To secure your Graylog setup create your own unique installation where you understand each component and secure the environment by design. Expose only the services that are needed and secure them whenever possible with TLS/SSL and some kind of authentication.

When using Amazon Web Services, never open all ports in the security group. Do not expose the server to the internet. Access Graylog only from within your VPC. Enable encryption for the communication.

Default Ports

All parts of one Graylog installation will communicate over network sockets. Depending on your setup and number of nodes this might be exposed or can be bound to localhost. The SELinux configuration is already covered in our step-by-step guide for CentOS Linux.

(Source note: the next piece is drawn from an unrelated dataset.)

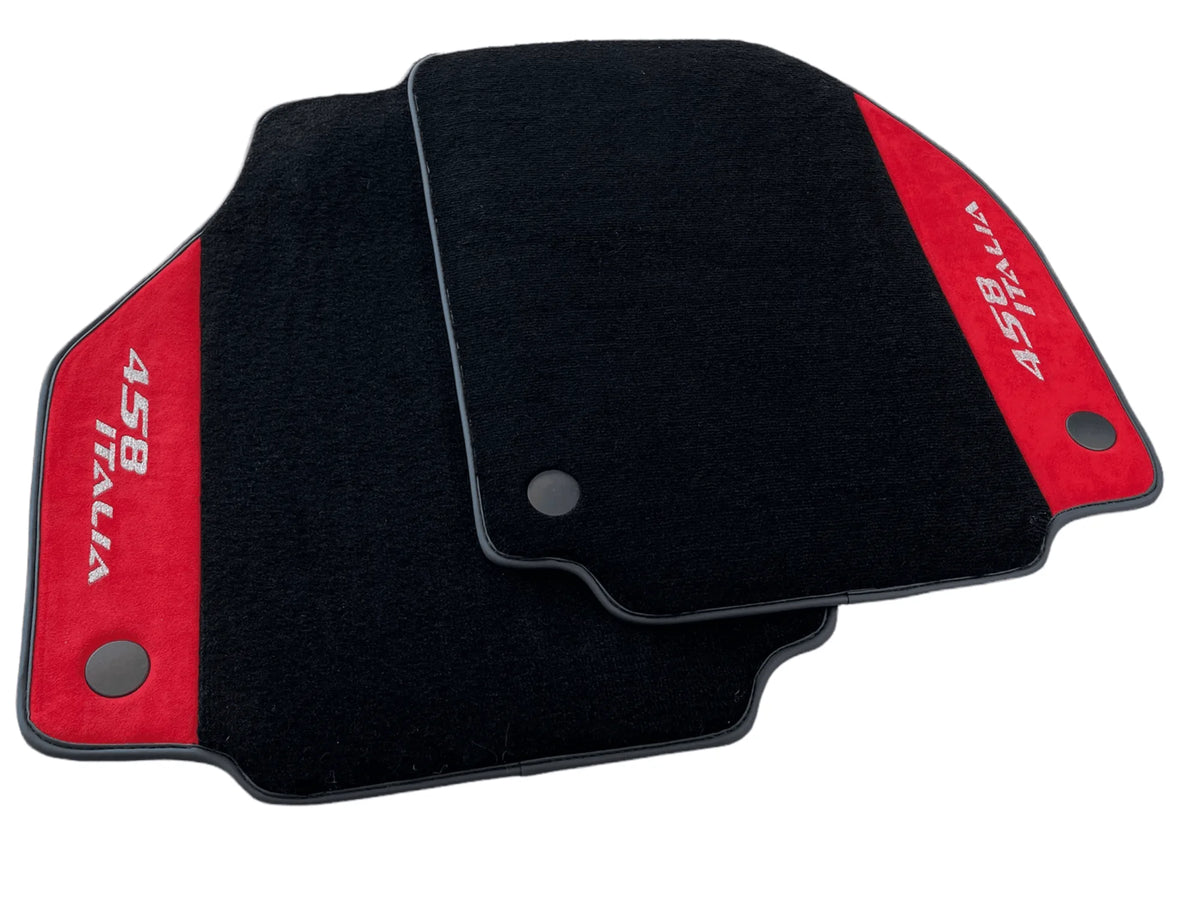 Floor Mats For Ferrari 458 Italia 2009-2015 Red Alcantara Leather - AutoWin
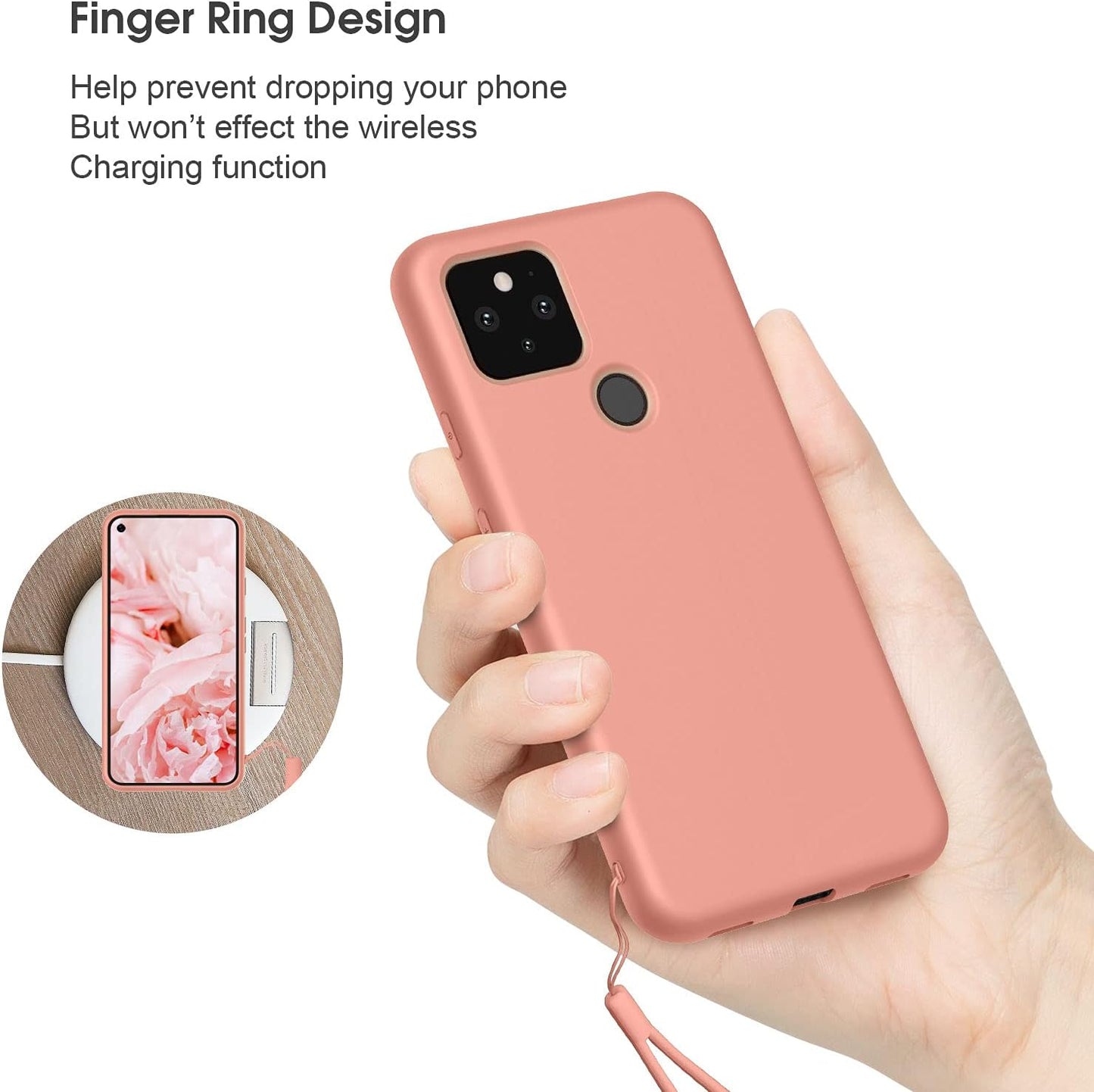 ABITKU Compatible with Google Pixel 5A Case, Slim Silicone Gel Rubber Case Cover (With Microfiber Lining) Full Body Shockproof Design for Google Pixel 5A 6.34 Inch 2021(Pink  abitku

Default Network Communication Ports
 

Component

Port

Graylog (web interface / API)

9000 (tcp)

Graylog to Elasticsearch

9200 (tcp)

Elasticsearch node communication

9300 (tcp)

MongoDB

27017 (tcp)

Each setup is unique in the requirements and ports might be changed by configuration, but you should limit who is able to connect to which service. In the architecture description you can see what components need to be exposed and communicate with each other.

Configuring TLS Ciphers

When running Graylog in untrusted environments such as the Internet, we strongly recommend to use SSL/TLS for all connections. All TLS enabled services are configured to support TLS 1.2 or greater by default. In case you need to support legacy software, you can change the default TLS protocols with the enabled_tls_protocols setting.

When using nginx or Apache httpsd for SSL termination the Mozilla SSL Configuration Generator will help to create a reasonably secure configuration for them.